The brisk one-act takes place on a New York subway car, where Clay, a 20-year-old black man, sweats through the sticky summer heat in a suit and tie. Enter Lula, a 30-year-old white woman, chomping through a tart green apple and weaving, drunklike, through the train in a breezy dress and heels. She plops down next to Clay (though the train is empty). She offers him an apple (the biblical symbolism heavy as a hammer). She curls an arm around his neck as though she has every right in the world.
This first scene is an uncomfortable reminder of the confidence with which white people throughout history have possessed and policed black bodies. Director Nicole Hodges Persley directs her Lula (Laura Jacobs) through enough violations to staff a sexual-harassment training video. Lula grabs Clay’s thigh, rubs his hair. By the end of the scene, she’s straddling him in the middle of a subway car, laughing and carefree.
Jacobs is by turns fascinating and chilling as Lula, a provocateur who toys with Clay for her own amusement. She accuses him of ogling her one minute, presents her ass like a baboon the next. The part isn’t exactly subtle — think “monster in a horror film for men’s-rights activists” — but Jacobs’ self-possession and shrewd delivery keep it on the rails. “I lie a lot,” she admits at one point with a simplicity that gives us goosepimples. “It helps me control the world.”

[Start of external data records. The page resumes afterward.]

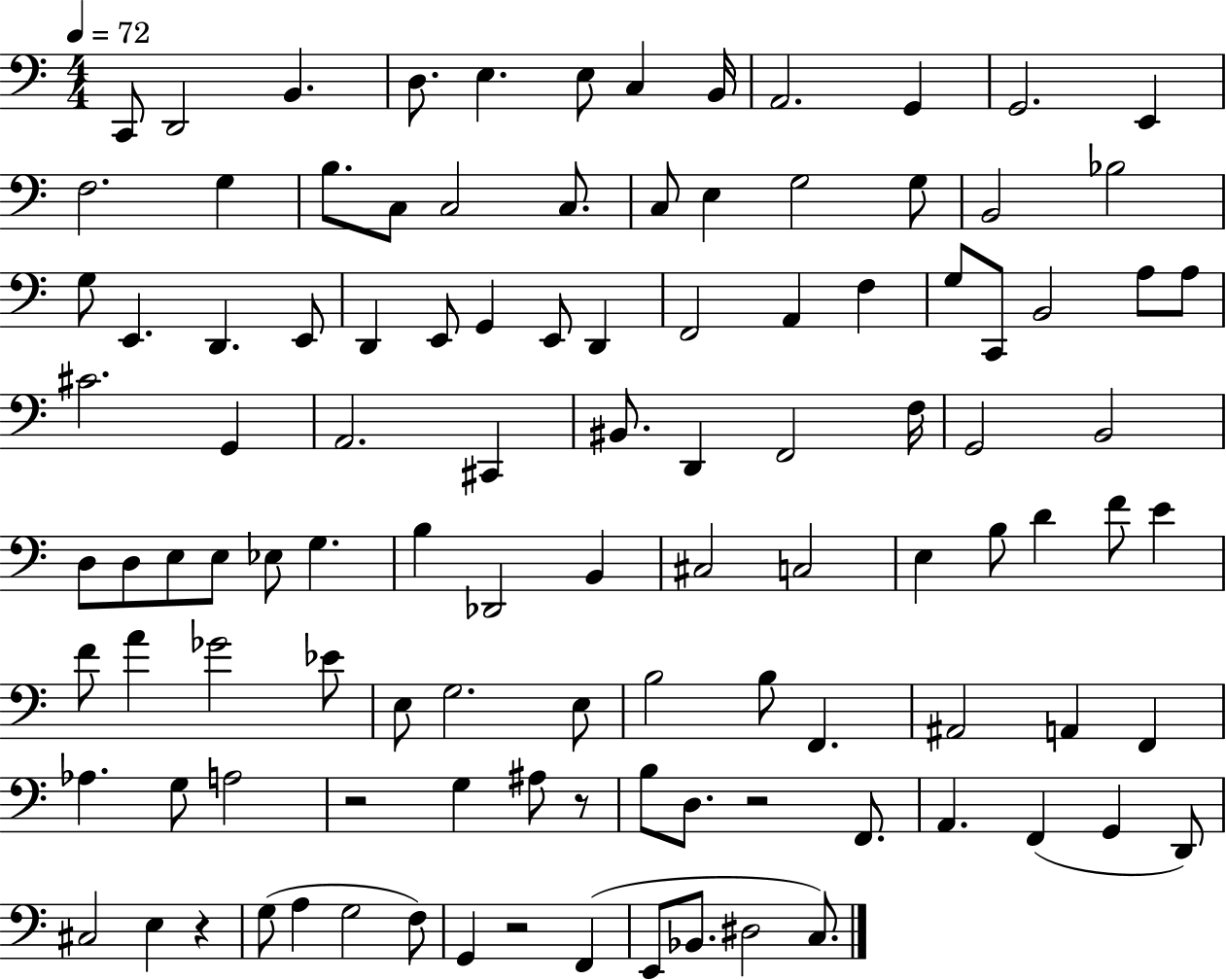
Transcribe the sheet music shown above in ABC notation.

X:1
T:Untitled
M:4/4
L:1/4
K:C
C,,/2 D,,2 B,, D,/2 E, E,/2 C, B,,/4 A,,2 G,, G,,2 E,, F,2 G, B,/2 C,/2 C,2 C,/2 C,/2 E, G,2 G,/2 B,,2 _B,2 G,/2 E,, D,, E,,/2 D,, E,,/2 G,, E,,/2 D,, F,,2 A,, F, G,/2 C,,/2 B,,2 A,/2 A,/2 ^C2 G,, A,,2 ^C,, ^B,,/2 D,, F,,2 F,/4 G,,2 B,,2 D,/2 D,/2 E,/2 E,/2 _E,/2 G, B, _D,,2 B,, ^C,2 C,2 E, B,/2 D F/2 E F/2 A _G2 _E/2 E,/2 G,2 E,/2 B,2 B,/2 F,, ^A,,2 A,, F,, _A, G,/2 A,2 z2 G, ^A,/2 z/2 B,/2 D,/2 z2 F,,/2 A,, F,, G,, D,,/2 ^C,2 E, z G,/2 A, G,2 F,/2 G,, z2 F,, E,,/2 _B,,/2 ^D,2 C,/2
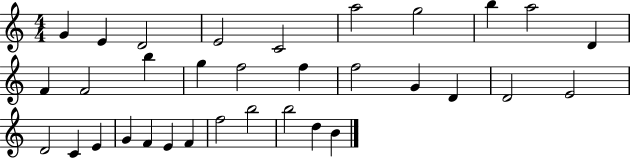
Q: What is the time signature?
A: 4/4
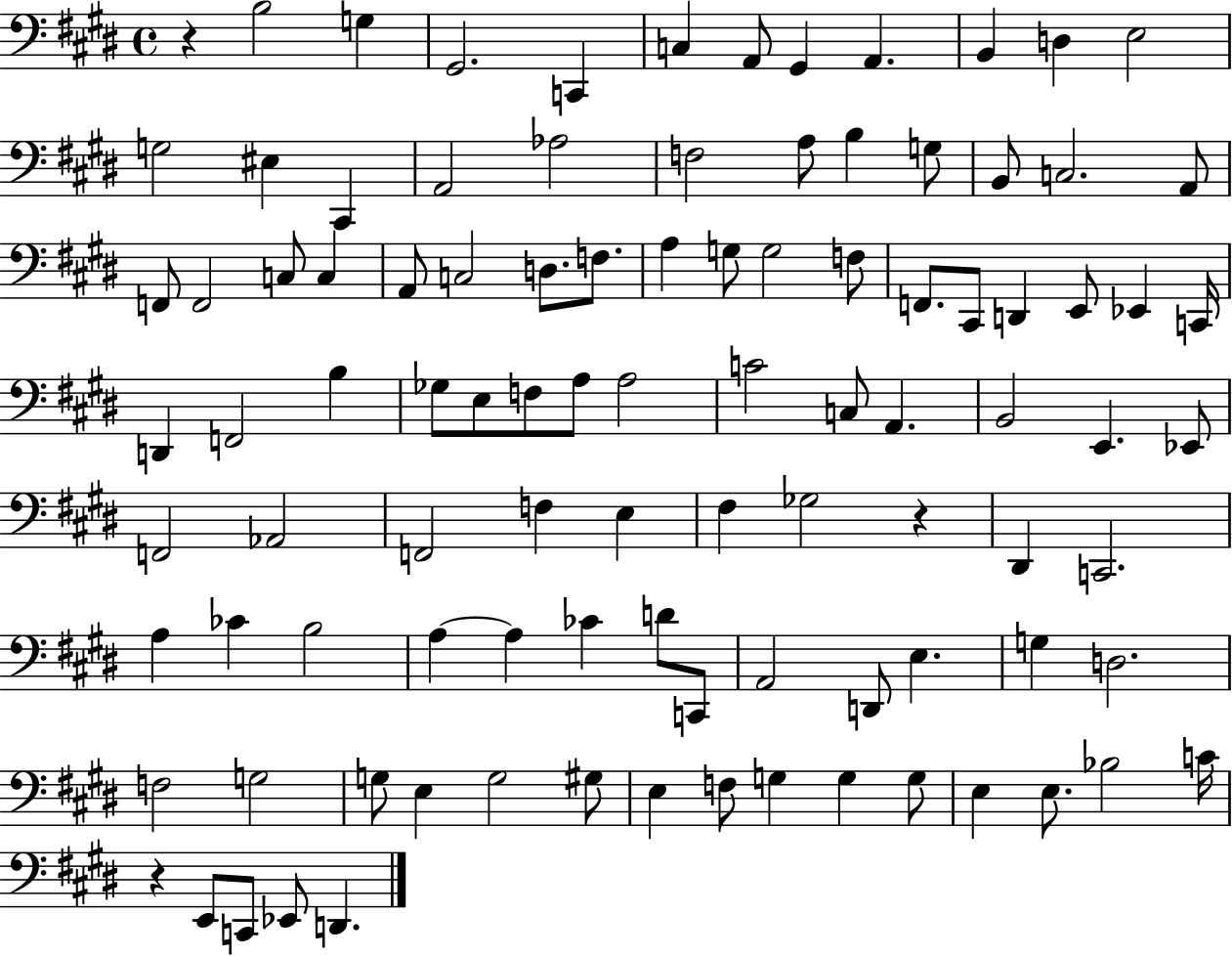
R/q B3/h G3/q G#2/h. C2/q C3/q A2/e G#2/q A2/q. B2/q D3/q E3/h G3/h EIS3/q C#2/q A2/h Ab3/h F3/h A3/e B3/q G3/e B2/e C3/h. A2/e F2/e F2/h C3/e C3/q A2/e C3/h D3/e. F3/e. A3/q G3/e G3/h F3/e F2/e. C#2/e D2/q E2/e Eb2/q C2/s D2/q F2/h B3/q Gb3/e E3/e F3/e A3/e A3/h C4/h C3/e A2/q. B2/h E2/q. Eb2/e F2/h Ab2/h F2/h F3/q E3/q F#3/q Gb3/h R/q D#2/q C2/h. A3/q CES4/q B3/h A3/q A3/q CES4/q D4/e C2/e A2/h D2/e E3/q. G3/q D3/h. F3/h G3/h G3/e E3/q G3/h G#3/e E3/q F3/e G3/q G3/q G3/e E3/q E3/e. Bb3/h C4/s R/q E2/e C2/e Eb2/e D2/q.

Frank Oakley III is equally adept as Clay, a mild-mannered poet who seems at first content to play the ingenue. He deflects Lula’s advances lightly, politely, plays along with her sexual fantasies. But when Lula starts to mock his racial bona fides, the pot boils over: Oakley launches into a blistering monologue that reads like, well, Baraka at his most righteous.
Oakley’s hard-fought calm makes the proceedings even more intense. He’s gone to great pains, he suggests, to give himself over to “my people’s madness,” the peculiar neurosis that makes Bessie Smith sing and Charlie Parker play and Clay (and, by extension, Baraka) write, when the “sane” thing to do would be to lash out at people like Lula.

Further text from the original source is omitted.